DAS DESTILLATIONSPRINZIP
An diesem Jahrestag ist es zum ersten Mal richtig warm in Berlin. Wer einen Winter in dieser Stadt hinter sich gebracht hat, weiss, was das bedeuten kann. Menschen öffnen sich plötzlich wie Blüten und geben Geheimnisse preis, die sie ansonsten lieber tief hinter ihrem Kachelofen verstecken. Die Alleebäume sind noch kahl, aber sie strecken ihr Geäst in die milde Luft, die über Nacht die ganze Stadt überrascht hat, die trägen Tauben auf dem Alexanderplatz gurren ihren Klangteppich dazu und picken im eigenen Rythmus auf dem Asphalt herum, und ich scheuche sie mit dem Fahrrad wieder in den blauen Vorfrühlingshimmel. Ich bin zu spät dran, rase wie wild weiter nach Mitte, gegen alle nur möglichen Verkehrsregeln, gegen meine eigene Seh-Sucht, aber die Stadt, wie herrlich und lebendig und rege sie auch sein mag, sie lenkt mich nicht ab. Was sind schon Details?
Nicht alles, aber –
Robert Henke trägt eine Krawatte mit Enzianmotiv. Wo er wohl herkommt? Akzent, Bruder und Verräter: wie sein musikalischer Partner und Freund Gerhard Behles kommt er aus München, und wie Max Thiel und Tom Loderbauer von Sun Electric sind es wieder zwei südländische Immigranten, die es als Duo in die immer noch elektroid flirrenden Höhen der Berliner Luft verschlagen hat. „Monolake“ heisst ihre dortige Plattform, die eines der avanciertesten wie auch zugänglichsten Projekte der aktuellen elektronischen Musik ist.
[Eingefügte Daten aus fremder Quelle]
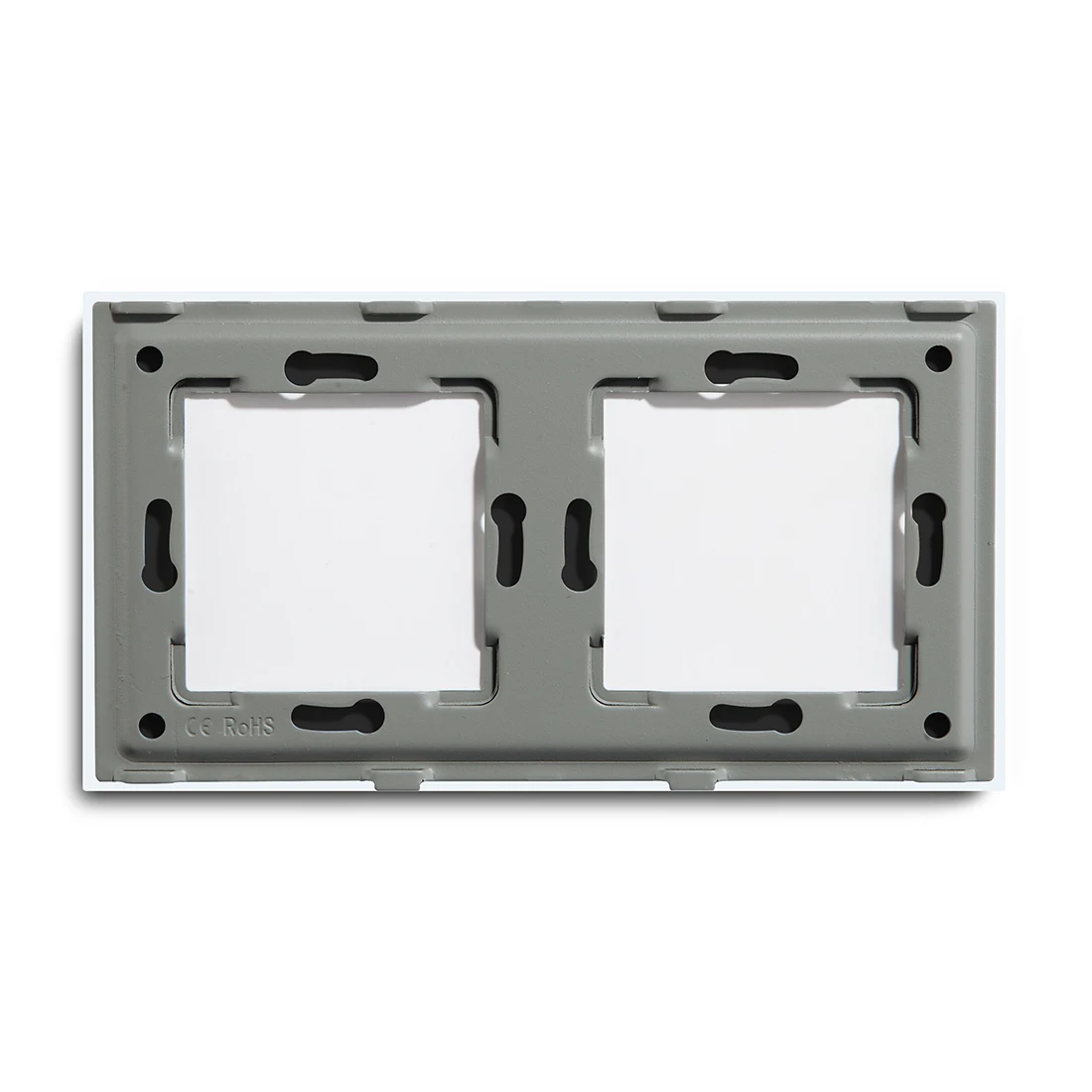 BSEED EU Standard Wall Glass Frame DIY Parts For Light Switch Sockets Metal Plate Included Crystal Panel Only  86/157/228mm silver light switch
Und natürlich hat sich in einigen Generierungen und Konstruktionen elektronischer Musik 1999 jenes Indifferente belanglose Ausdifferenzierungshandwerk vollzogen, das es jeglicher möglichen mechanischen Organik der Form unmöglich macht, die inhärente latente Energie und Vitalität, gleich ob wild oder sanft, anstatt in eine konkrete Hosentaschenvision einer besseren Zukunft zu überführen, lieber das Material und seine Rezepienten in innerszenischer Kicherhistorie oder nichtssagendem Wohlgefallen auflöst und hält. Und da erzähle doch keiner, dass sei dann Pop. So geht es auch, aber es geht auch anders: Monolake.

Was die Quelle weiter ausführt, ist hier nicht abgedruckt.